Data extract Block Start
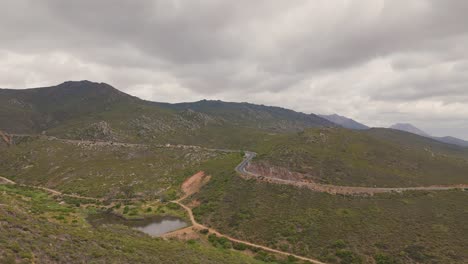 Drone-shot-of-the-mountains-in-Cederberg,-Cape-Town-with-a-glimpse-of-the-dam-in-the-middle-of-the-mountains-that-surround-it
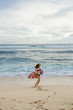 © Sibstock/Stocksy - Back view: woman in swimwear walk on the beach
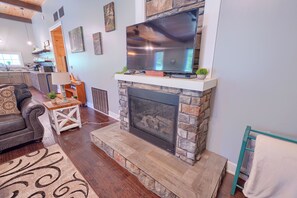A living room with a fireplace, a television, and a sofa. - Chapel Valley Lodge - Unique, in the Hocking Hills (Logan)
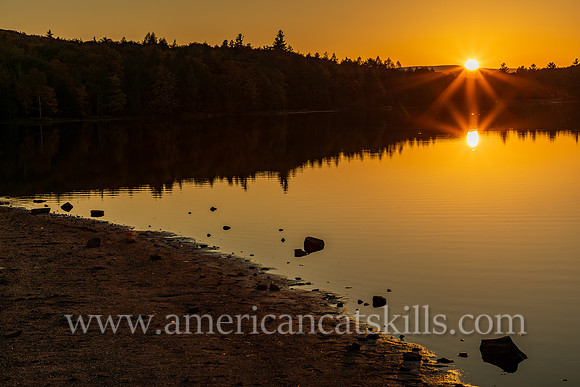 Photograph of the sunset over the lake at North-South Lake in Haines Falls, New York.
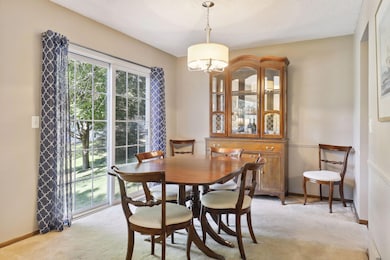 Dining area overlooks backyard.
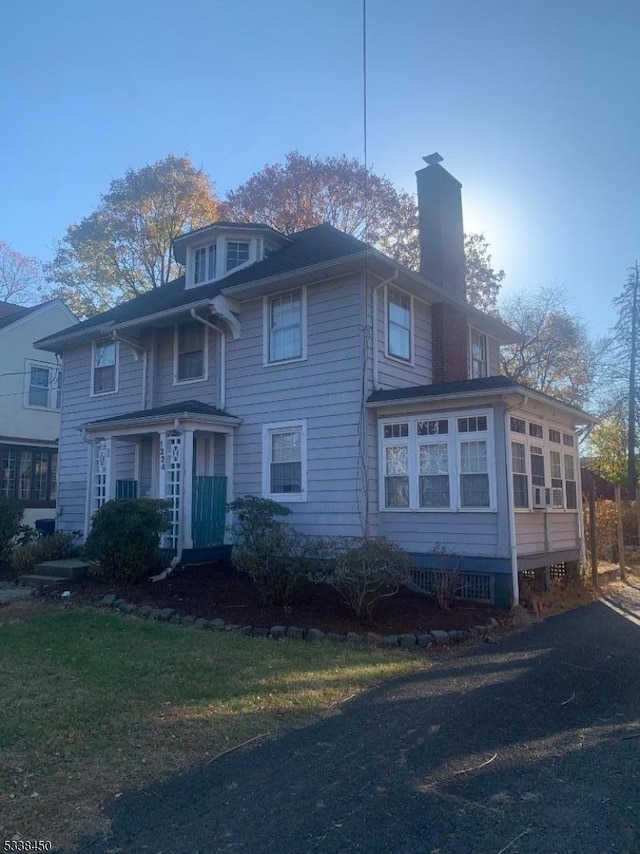 view of front of property with a front lawn and a sunroom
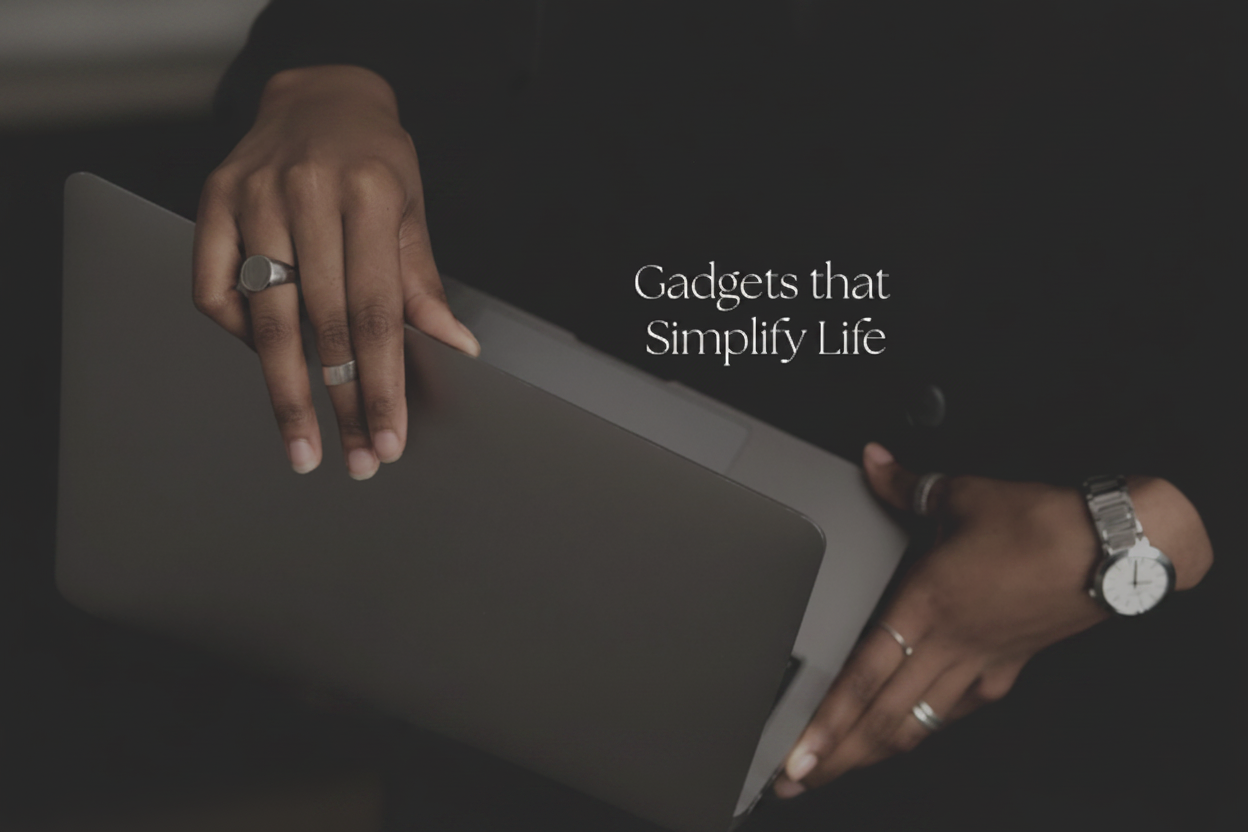 Person holding a laptop with text 'Gadgets that Simplify Life' on a dark background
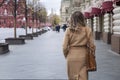 A woman walks along the Gum in Red Square. Elegant blonde in a beige coat. Back view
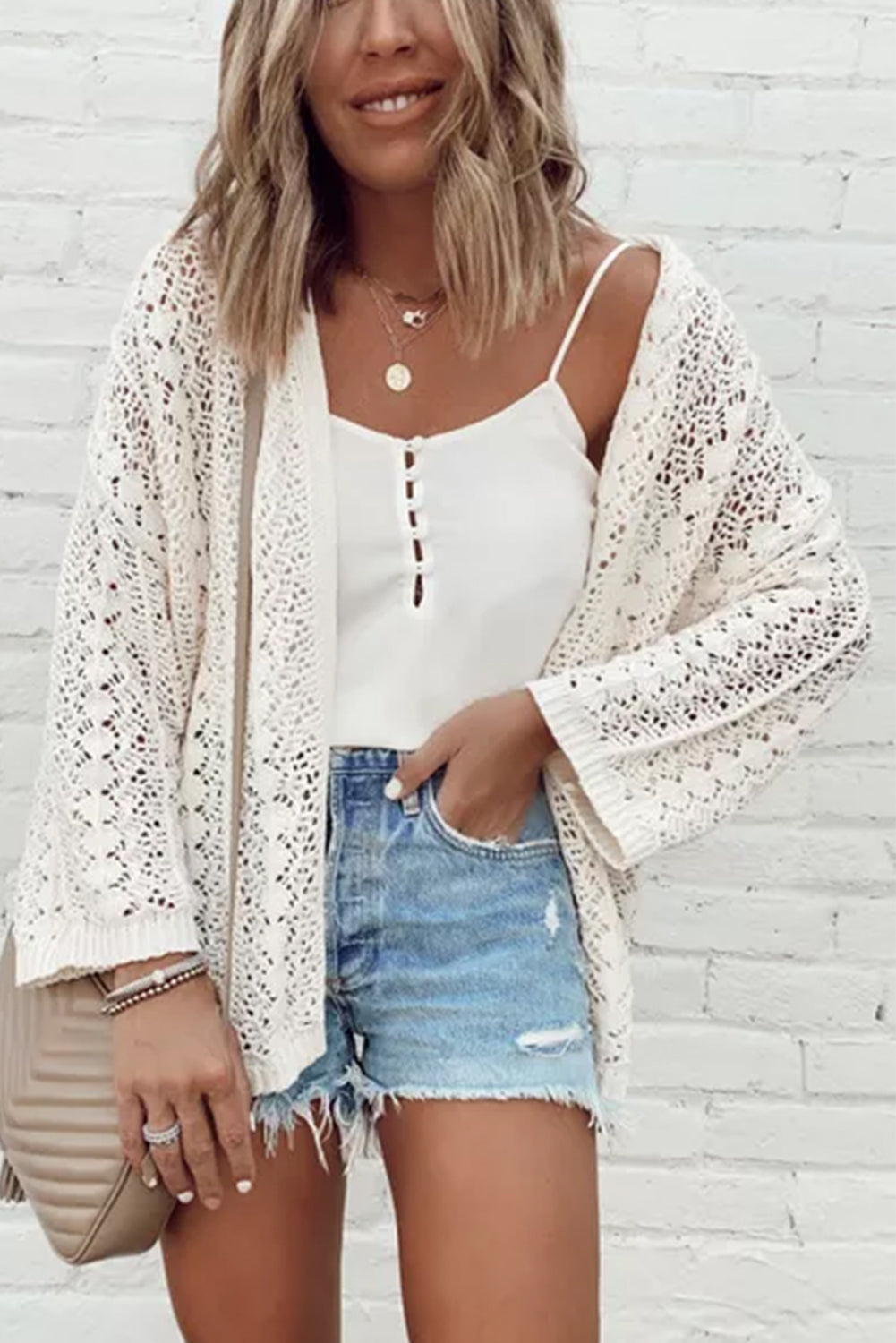 Chic white knit cardigan with hollow out details and drop shoulder design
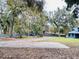 Long driveway leading to a house and garage at 472 Wildwood Dr, New Smyrna Beach, FL 32168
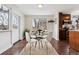 Modern dining room with a glass table, four white chairs, and access to natural light, next to the kitchen at 500 E 11Th Ave # 401, Denver, CO 80203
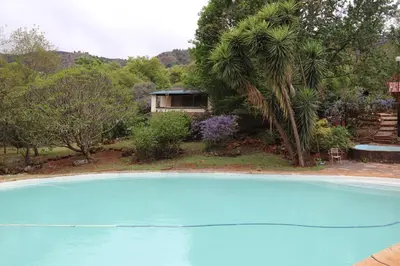 a large blue swimming pool in front of a house at Goederus Guest Farm in Sterkspruit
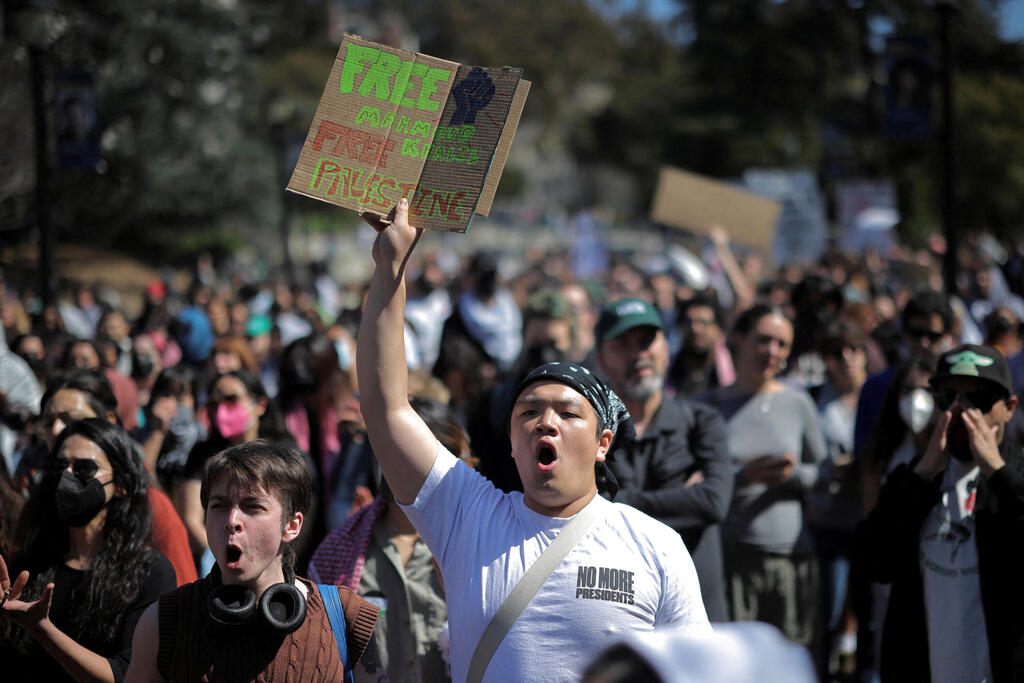 A demonstrator displays a sign as people attend a  Protest following the arrest by US immigration agents of Palestinian student protester Mahmoud Khalil at Columbia University, in Berkeley, California, U.S. March 11, 2025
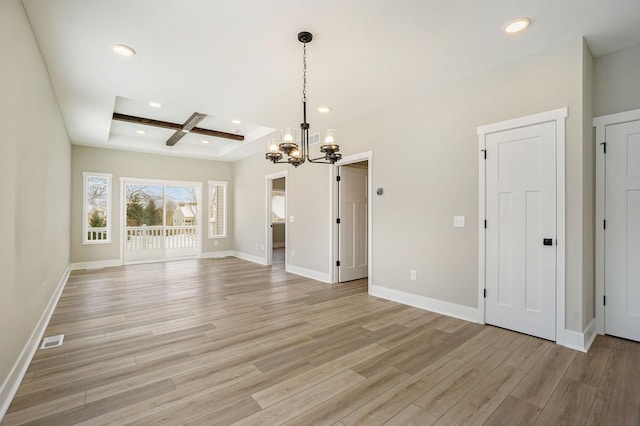 unfurnished dining area featuring an inviting chandelier, light wood-style floors, recessed lighting, visible vents, and coffered ceiling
Data extract Block End
**What to produce**
Look above for the line with "A woman walks" and copy exactly from it through the line with "Long driveway leading", both included. Omit the pictures.

**Written response**
 A woman walks along the Gum in Red Square. Elegant blonde in a beige coat. Back view
 Chic white knit cardigan with hollow out details and drop shoulder design
 Long driveway leading to a house and garage at 472 Wildwood Dr, New Smyrna Beach, FL 32168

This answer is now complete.